> Try it:
Omit all pictures. Reproduce exactly the lines from the first line of the records below through the line with "That's all for".

Data records:
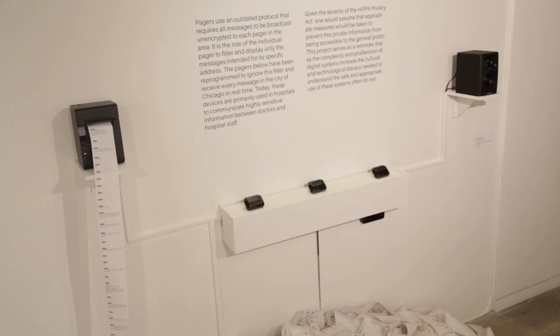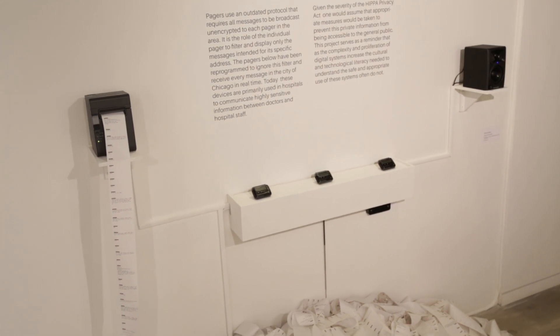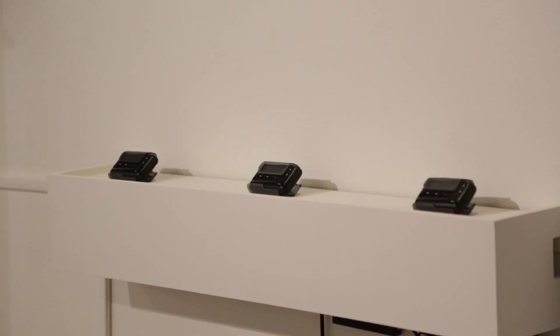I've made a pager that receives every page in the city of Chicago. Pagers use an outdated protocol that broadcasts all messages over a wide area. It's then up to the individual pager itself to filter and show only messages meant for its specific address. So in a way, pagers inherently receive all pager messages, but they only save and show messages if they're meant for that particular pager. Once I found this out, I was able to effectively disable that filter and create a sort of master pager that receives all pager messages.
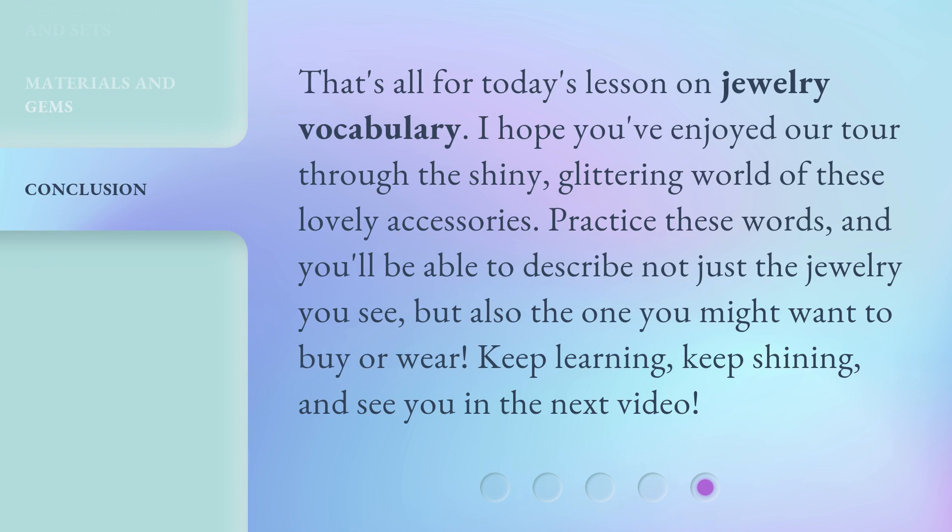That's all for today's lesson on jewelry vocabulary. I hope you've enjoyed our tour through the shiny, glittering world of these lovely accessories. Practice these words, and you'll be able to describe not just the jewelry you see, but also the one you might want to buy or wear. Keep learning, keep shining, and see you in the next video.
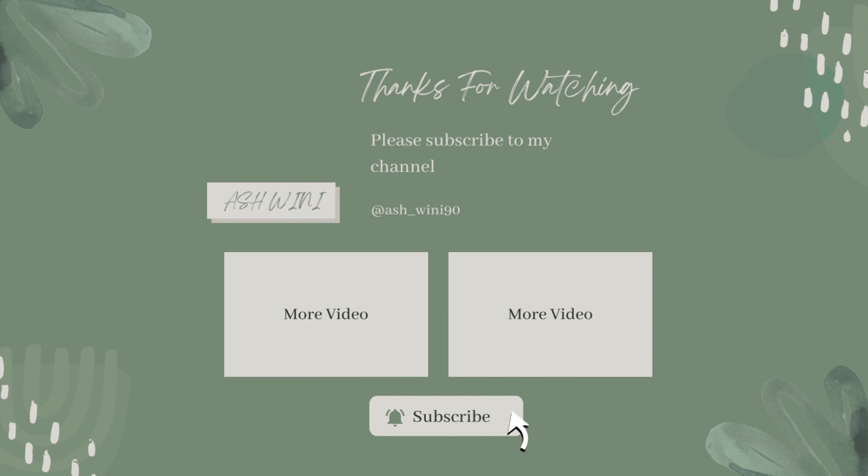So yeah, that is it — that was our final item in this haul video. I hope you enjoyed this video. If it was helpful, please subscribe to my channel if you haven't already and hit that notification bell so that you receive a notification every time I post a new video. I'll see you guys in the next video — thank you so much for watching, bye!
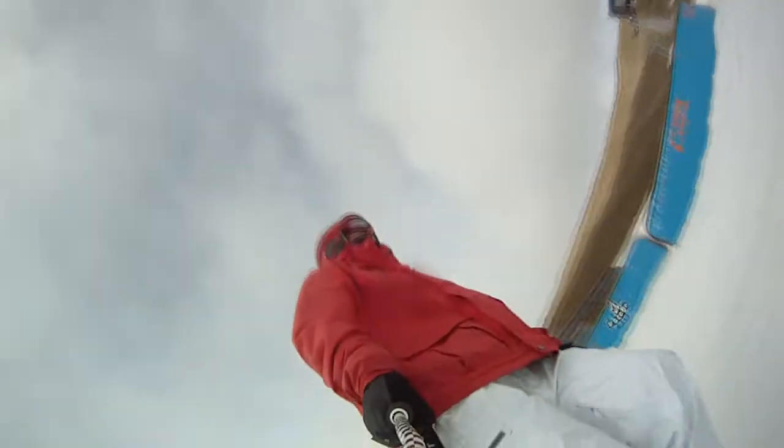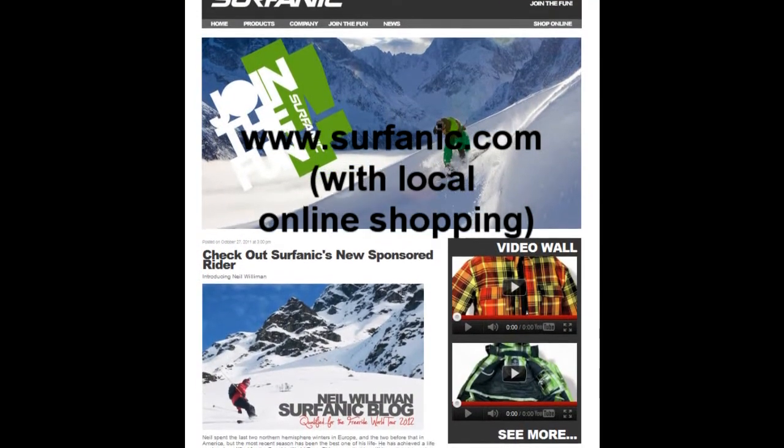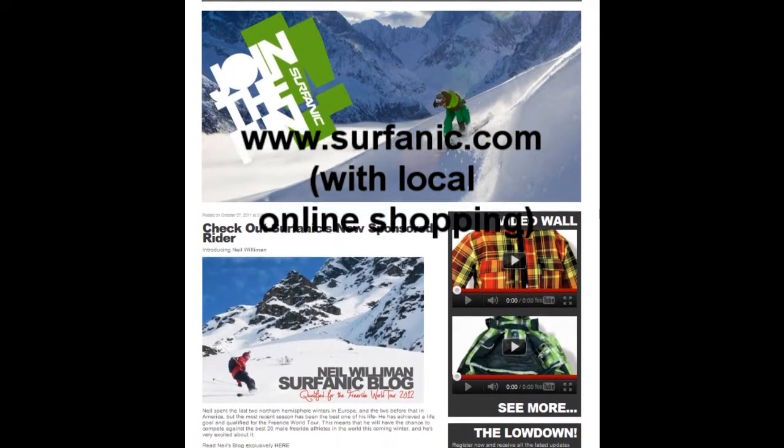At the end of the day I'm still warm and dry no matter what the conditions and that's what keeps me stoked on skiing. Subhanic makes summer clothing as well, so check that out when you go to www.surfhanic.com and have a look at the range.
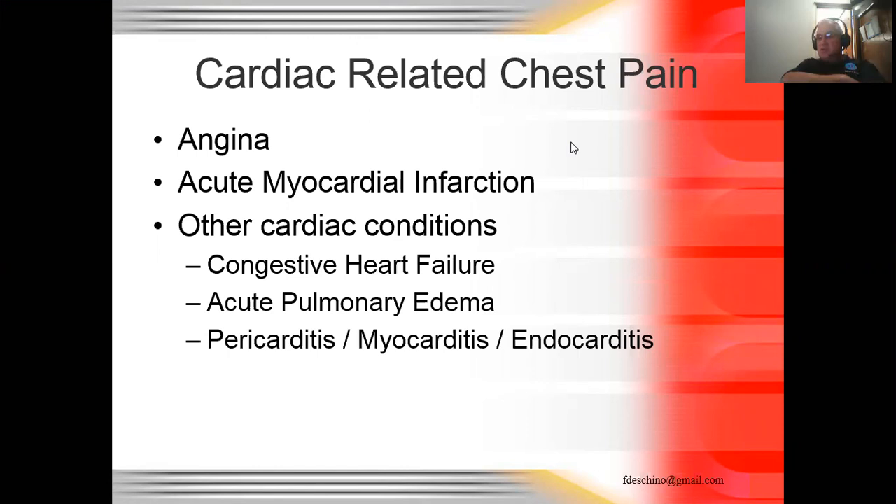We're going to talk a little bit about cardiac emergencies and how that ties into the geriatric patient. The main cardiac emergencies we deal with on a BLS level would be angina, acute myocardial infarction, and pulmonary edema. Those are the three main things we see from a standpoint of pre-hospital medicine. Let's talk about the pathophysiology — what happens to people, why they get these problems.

> Solution below:
I've made a pager that receives every page in the city of Chicago. Pagers use an outdated protocol that broadcasts all messages over a wide area. It's then up to the individual pager itself to filter and show only messages meant for its specific address. So in a way, pagers inherently receive all pager messages, but they only save and show messages if they're meant for that particular pager. Once I found this out, I was able to effectively disable that filter and create a sort of master pager that receives all pager messages.
That's all for today's lesson on jewelry vocabulary. I hope you've enjoyed our tour through the shiny, glittering world of these lovely accessories. Practice these words, and you'll be able to describe not just the jewelry you see, but also the one you might want to buy or wear. Keep learning, keep shining, and see you in the next video.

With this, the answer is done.